Work to be completed
Quote every line below exactly and skip any picture.

── Input data ──

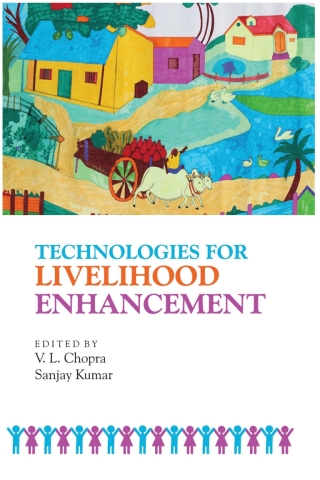 Imagen de portada: Technologies for Livelihood Enhancement 1st edition 9789383305810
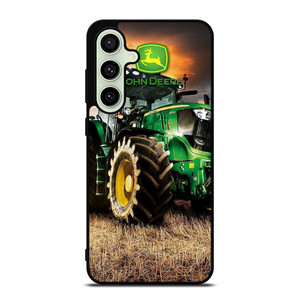 JOHN DEERE TRACTOR 2 Samsung Galaxy S24 FE Case Cover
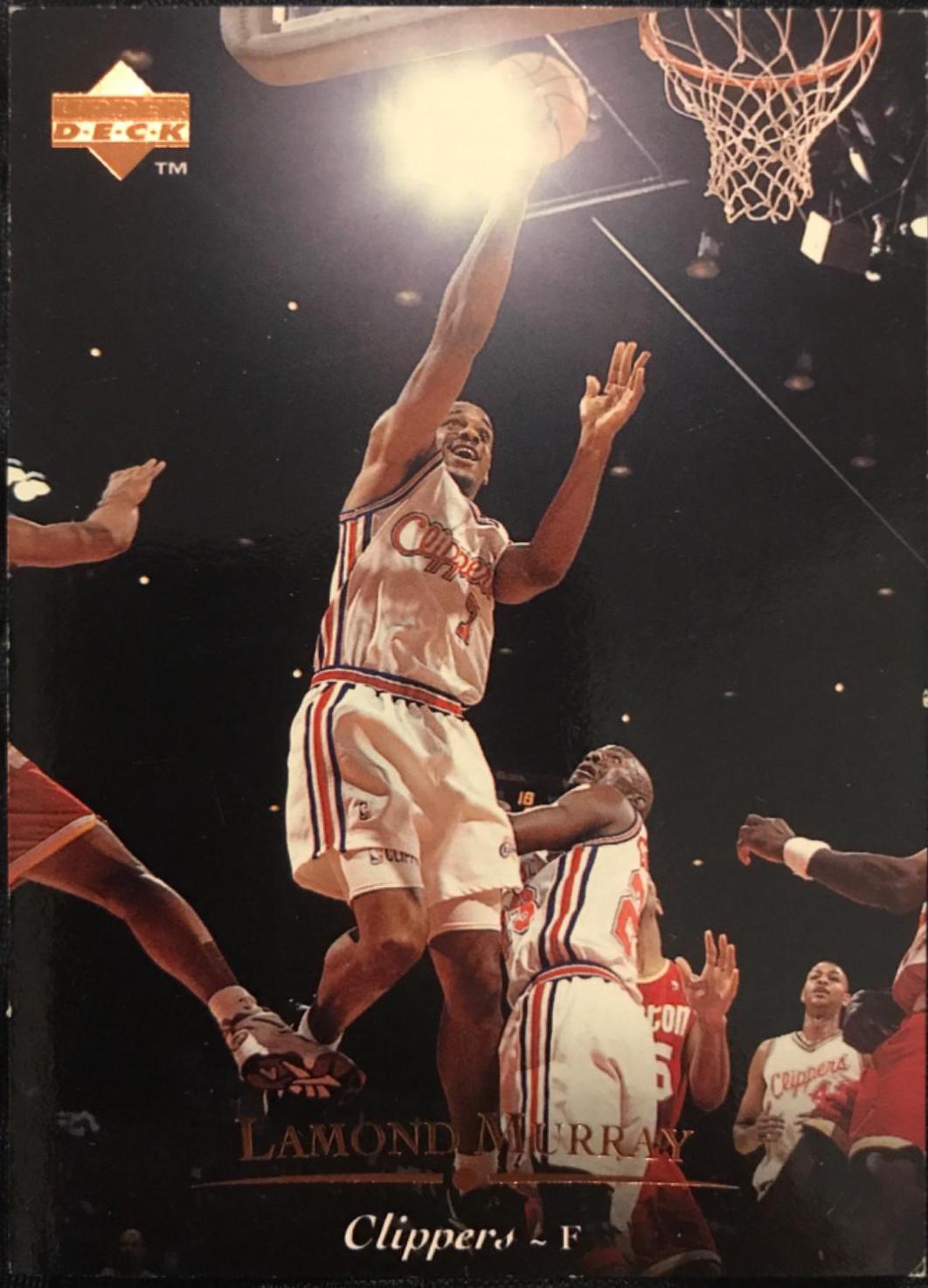 Lamond Murray #197
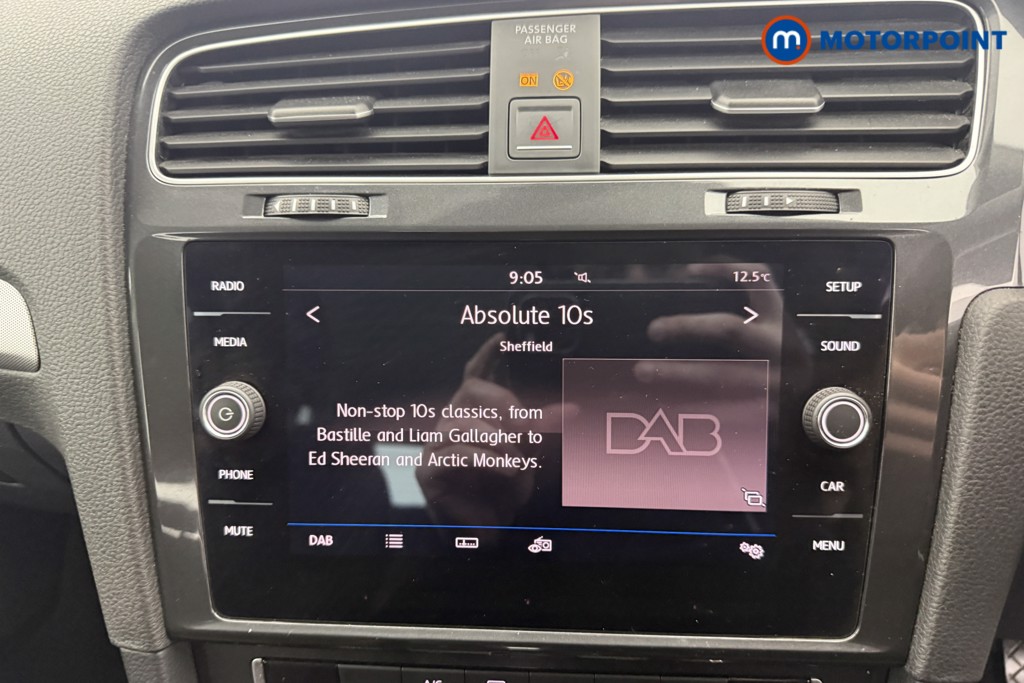 Volkswagen Golf S Automatic Petrol Hatchback - Stock Number (1626998) - 18th supplementary image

───

Finished task
 Imagen de portada: Technologies for Livelihood Enhancement 1st edition 9789383305810
 JOHN DEERE TRACTOR 2 Samsung Galaxy S24 FE Case Cover
 Lamond Murray #197
 Volkswagen Golf S Automatic Petrol Hatchback - Stock Number (1626998) - 18th supplementary image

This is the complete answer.